3

I'm reading a book which states the following sentence:

When our flight was delayed, we all had a meal at the airline's expense.

I've tried to find in the following dictionary the definition of the word expense in this context but I'm not sure which one of them is the right.

To which definition in the following dictionary is matched? Dictionary.com: expense

4
  • If you read the entire page at that URL, you will see this link: dictionary.com/browse/at--the--expense--of (By the way, you should always consult multiple dictionaries, and be sure to read example sentences. The OneLook site makes it easy to look up a word in many dictionaries. Oct 31, 2016 at 2:57
  • Thank you for the advice. I saw the example of "at the expense of" but I wasn't sure about it. the definition which Max brought from the Oxford dictionary, looks more exact and immediately answers on my question without any doubt. Oct 31, 2016 at 4:45
  • 1
    Very good! Be sure to make a bookmark for onelook.com and use it whenever you need to consult a dictionary. There are many different dictionaries, but no single dictionary has the perfect definition and usage example of every word. If you read and understand all of the entries, and especially all of the example sentences, you will have a better chance of learning how a given word is used. Oct 31, 2016 at 4:58
  • Really it's just the first one: cost
    – shawnt00
    Nov 3, 2016 at 16:43

2 Answers 2

6

I'm not entirely happy with the entries given in the link.

  1. at someone's expense
    Paid for by someone.
    ‘the document was printed at the taxpayer's expense’
    1.1 With someone as the victim, especially of a joke.
    ‘my friends all had a good laugh at my expense’

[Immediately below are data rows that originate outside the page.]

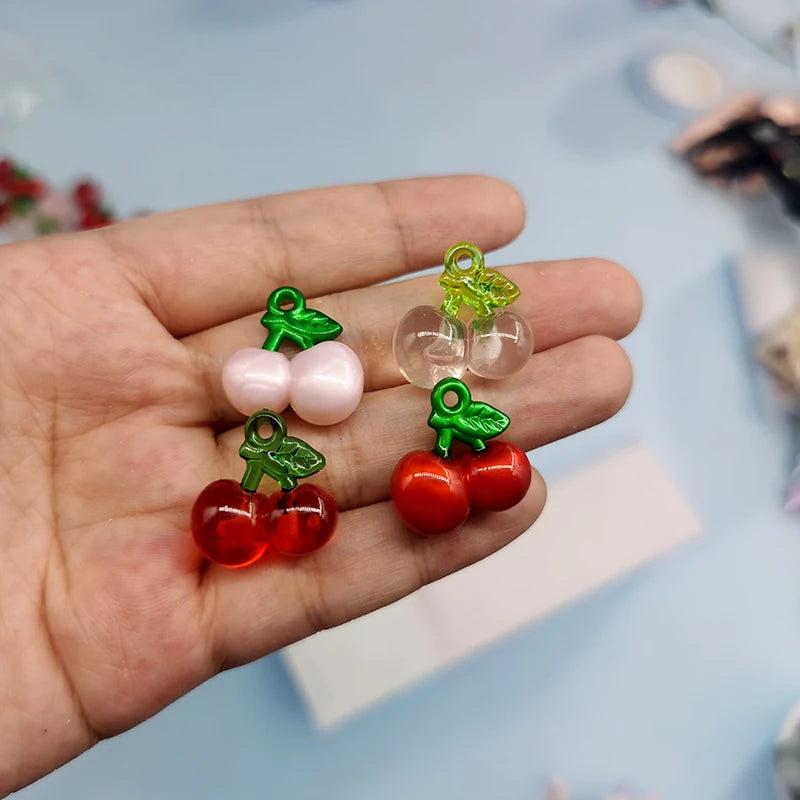 10pcs Resin Red Pink Cherry Charms Pendant DIY Jewelry Making C488-1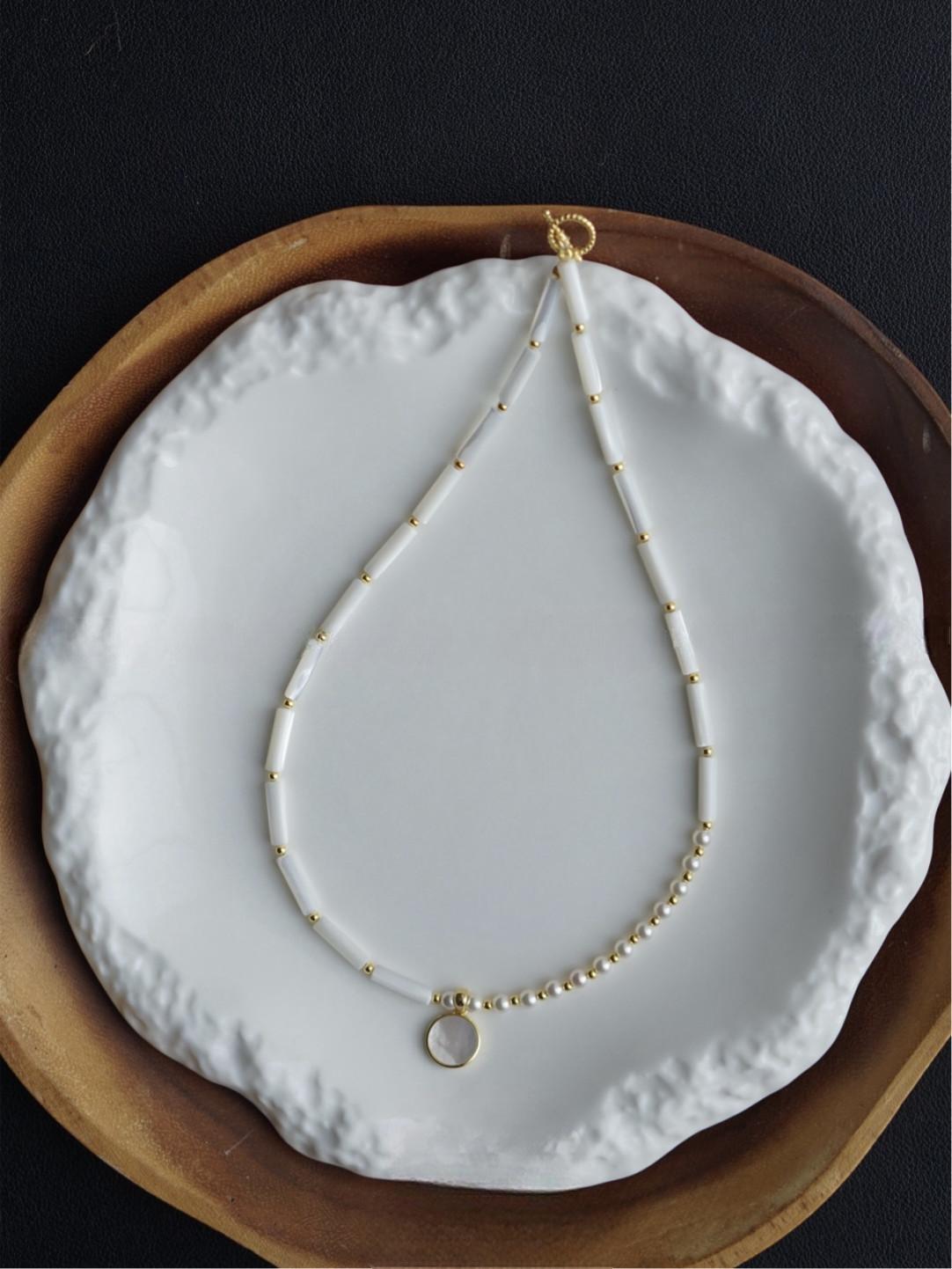 Gold Plated Natural Mother-of-Pearl Bamboo Pendant Necklace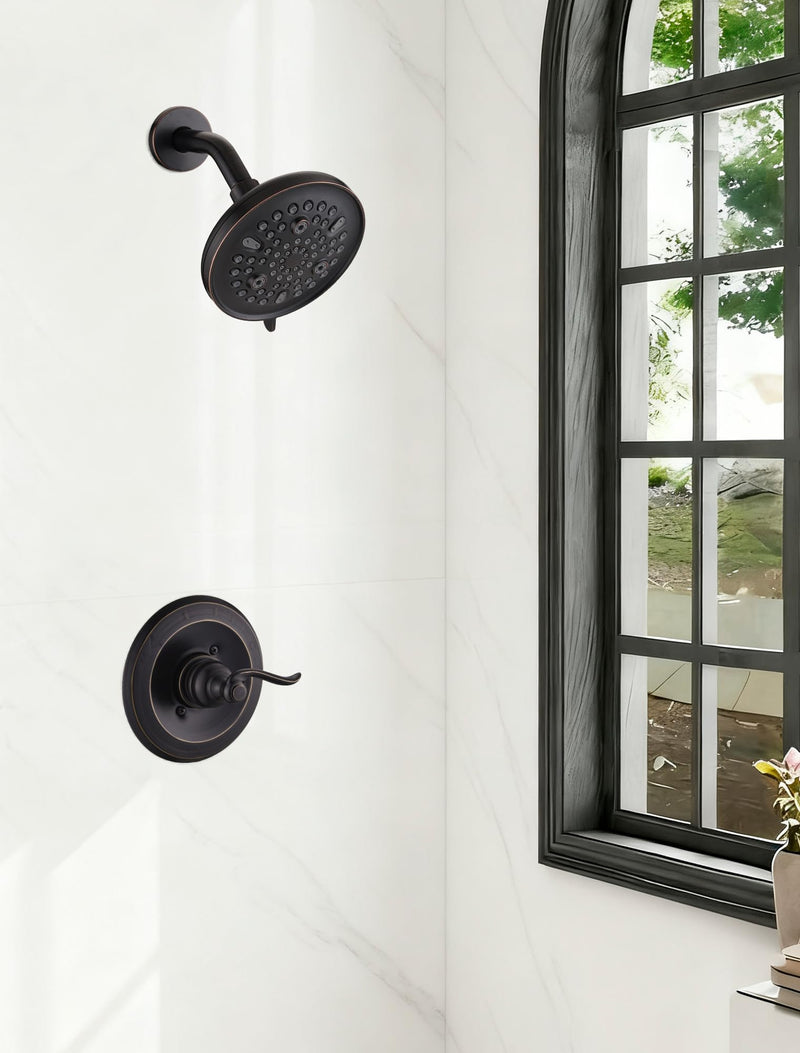 Shower Faucet Trim Kit for Delta 13/14 Series, with Shower Arm & Shower Cover Plate and Handle, Oil Rubbed Bronze Metal (No Valve/Cartridge)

So in OP's example, the airline paid for "our" meals. In other words, the meals were free to compensate "us" for the delay.

0
2

Towards a more general definition...

When something is "at someone's|something's expense" :

We had a meal at the airline's expense.

The joke was at his expense.

You planted those shade trees at my garden's expense.

The cuckoo lays its eggs in the nest of another species of bird, at the expense of the other bird's chicks.

the cost is borne by that person or entity, and the "cost" can be literal (an expenditure of money, a loss of income) or figurative, such as loss of "face", a loss of standing in a group or community, a (permanent or momentary) loss of respect, or, as in the case of the garden, a loss of growth, a result of being deprived of sunlight, or a loss of life itself, as in the case of the birds in the nest.

0

You must log in to answer this question.

Not the answer you're looking for? Browse other questions tagged .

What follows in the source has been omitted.